## TASK DATA

-*-*-

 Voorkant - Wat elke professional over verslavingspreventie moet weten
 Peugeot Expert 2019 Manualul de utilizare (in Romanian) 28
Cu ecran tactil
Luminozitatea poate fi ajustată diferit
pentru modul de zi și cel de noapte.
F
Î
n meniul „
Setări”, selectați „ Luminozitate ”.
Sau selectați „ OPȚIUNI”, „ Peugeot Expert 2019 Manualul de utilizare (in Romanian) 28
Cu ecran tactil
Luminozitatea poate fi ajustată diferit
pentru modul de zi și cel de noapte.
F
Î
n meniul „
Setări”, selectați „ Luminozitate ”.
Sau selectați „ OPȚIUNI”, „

-*-*-

Return every line of the material in which the word "Peugeot" is found.

## RESPONSE TO THE EXERCISE
 Peugeot Expert 2019 Manualul de utilizare (in Romanian) 28
Sau selectați „ OPȚIUNI”, „ Peugeot Expert 2019 Manualul de utilizare (in Romanian) 28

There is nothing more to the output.